====== SUPPLIED RECORDS
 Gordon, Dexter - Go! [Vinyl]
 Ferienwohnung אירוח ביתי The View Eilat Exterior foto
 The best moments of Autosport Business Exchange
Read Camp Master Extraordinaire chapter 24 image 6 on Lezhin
============
====== SUPPLIED RECORDS
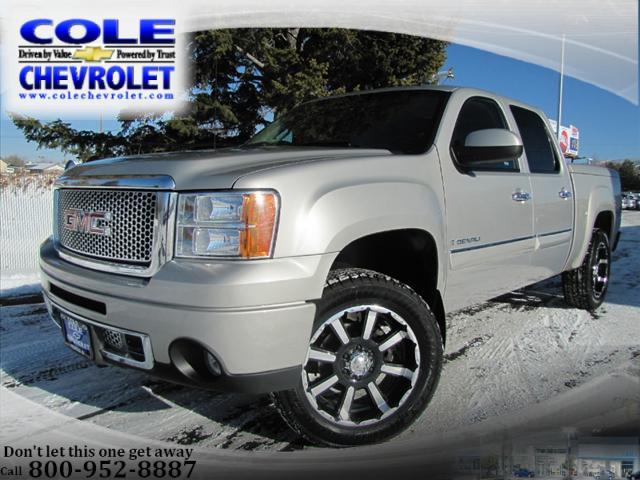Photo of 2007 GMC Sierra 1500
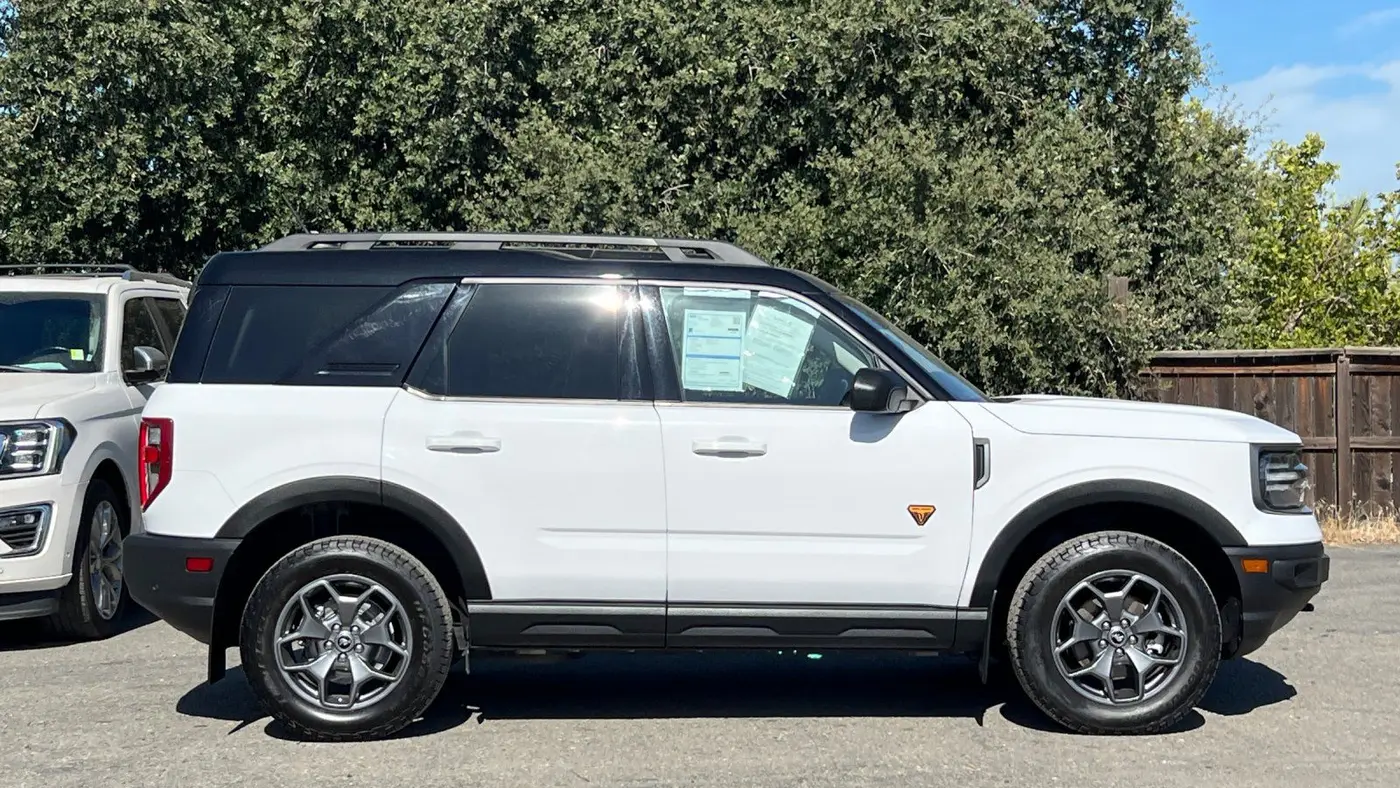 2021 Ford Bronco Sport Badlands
============
Return, word for word, the lines of the data above from the line with "Gordon, Dexter - Go! [Vinyl]" through the line with "Read Camp Master", inclusive.

[ANSWER BELOW]
 Gordon, Dexter - Go! [Vinyl]
 Ferienwohnung אירוח ביתי The View Eilat Exterior foto
 The best moments of Autosport Business Exchange
Read Camp Master Extraordinaire chapter 24 image 6 on Lezhin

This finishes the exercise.